▶ Recorded data:
________________________

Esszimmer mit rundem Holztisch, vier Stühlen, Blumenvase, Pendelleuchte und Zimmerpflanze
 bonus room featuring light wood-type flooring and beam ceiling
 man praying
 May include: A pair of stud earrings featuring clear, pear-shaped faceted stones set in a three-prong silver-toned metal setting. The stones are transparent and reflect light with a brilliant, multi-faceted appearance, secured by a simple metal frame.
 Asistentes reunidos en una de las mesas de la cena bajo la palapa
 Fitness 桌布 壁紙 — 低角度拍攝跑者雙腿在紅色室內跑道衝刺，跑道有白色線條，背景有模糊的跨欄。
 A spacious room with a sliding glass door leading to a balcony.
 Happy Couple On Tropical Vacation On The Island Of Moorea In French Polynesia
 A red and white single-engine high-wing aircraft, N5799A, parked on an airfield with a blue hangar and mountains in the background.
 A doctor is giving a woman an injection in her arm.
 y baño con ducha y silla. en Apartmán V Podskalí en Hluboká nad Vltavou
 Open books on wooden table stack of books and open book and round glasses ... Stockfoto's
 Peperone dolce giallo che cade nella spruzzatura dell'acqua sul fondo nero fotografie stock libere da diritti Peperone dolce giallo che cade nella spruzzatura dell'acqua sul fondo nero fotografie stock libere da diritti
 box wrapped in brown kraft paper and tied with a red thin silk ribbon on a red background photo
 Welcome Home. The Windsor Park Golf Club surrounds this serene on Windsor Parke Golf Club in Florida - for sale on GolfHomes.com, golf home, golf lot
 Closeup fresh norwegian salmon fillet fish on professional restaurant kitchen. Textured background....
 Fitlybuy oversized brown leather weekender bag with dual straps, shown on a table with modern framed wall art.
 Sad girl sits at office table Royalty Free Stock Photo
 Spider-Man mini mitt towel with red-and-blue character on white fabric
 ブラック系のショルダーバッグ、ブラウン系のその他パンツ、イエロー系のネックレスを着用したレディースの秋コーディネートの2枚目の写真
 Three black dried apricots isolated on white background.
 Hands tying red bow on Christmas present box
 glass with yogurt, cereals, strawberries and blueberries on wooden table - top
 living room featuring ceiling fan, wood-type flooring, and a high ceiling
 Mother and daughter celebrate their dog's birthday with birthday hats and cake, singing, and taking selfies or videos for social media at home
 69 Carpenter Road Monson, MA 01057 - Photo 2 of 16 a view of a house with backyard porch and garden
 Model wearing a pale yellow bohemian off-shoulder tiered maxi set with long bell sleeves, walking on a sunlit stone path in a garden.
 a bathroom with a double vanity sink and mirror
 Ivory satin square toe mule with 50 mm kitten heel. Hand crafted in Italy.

________________________

▶ What is expected: Using the listing above, copy exactly the line that contains "Fitlybuy oversized brown", the line that contains "Spider-Man mini mitt", and each line that falls between them.

▶ Solution:
 Fitlybuy oversized brown leather weekender bag with dual straps, shown on a table with modern framed wall art.
 Sad girl sits at office table Royalty Free Stock Photo
 Spider-Man mini mitt towel with red-and-blue character on white fabric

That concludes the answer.